Chasing SecretsThis book drew me in so completely, I did not want to put it down.

We are introduced to Elizabeth Kennedy or Lizzie to her friends, a young girl who aspires to be a scientist. Unfortunately for her, there’s a bit of a problem, it’s the 1900s.

While Lizzie does go to school, it’s a finishing school and not one where she fits in well. The other girls are snobby, and Lizzie has a difficult time making friends.  One of the highlights of her weeks is going on calls with her father, who is a doctor, and encourages her love of science. These outings are frowned upon by her Aunt who helps to take care of Lizzie and her brother William. Her Aunt does not approve of Lizzie’s interest in science and thinks the focus of their father’s attention should be on young William.
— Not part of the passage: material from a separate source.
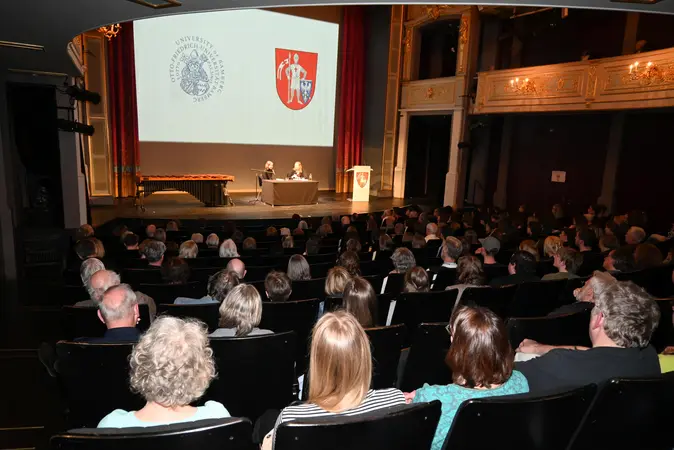 Personen im Theater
Lizzie will soon discover that there is more to life than her interest in science. Like how to make friends at school, or learning more about Noah, the son of her family’s Chinese cook. When Lizzie discovers he is hiding in the servant’s quarters, she wants to know why and how is it that she never knew of him.

Lizzie finds out that Noah has questions of his own. He wants to know if he can go back and live with his uncle in China Town, and why some people are dying of an illness and some survive.  Lizzie and Noah team up to find out if there is a plague in San Francisco and what they can do to help.

So pick up this book and see how Lizzie survives her triumphs and trials and if she will continue on with her in interest in science.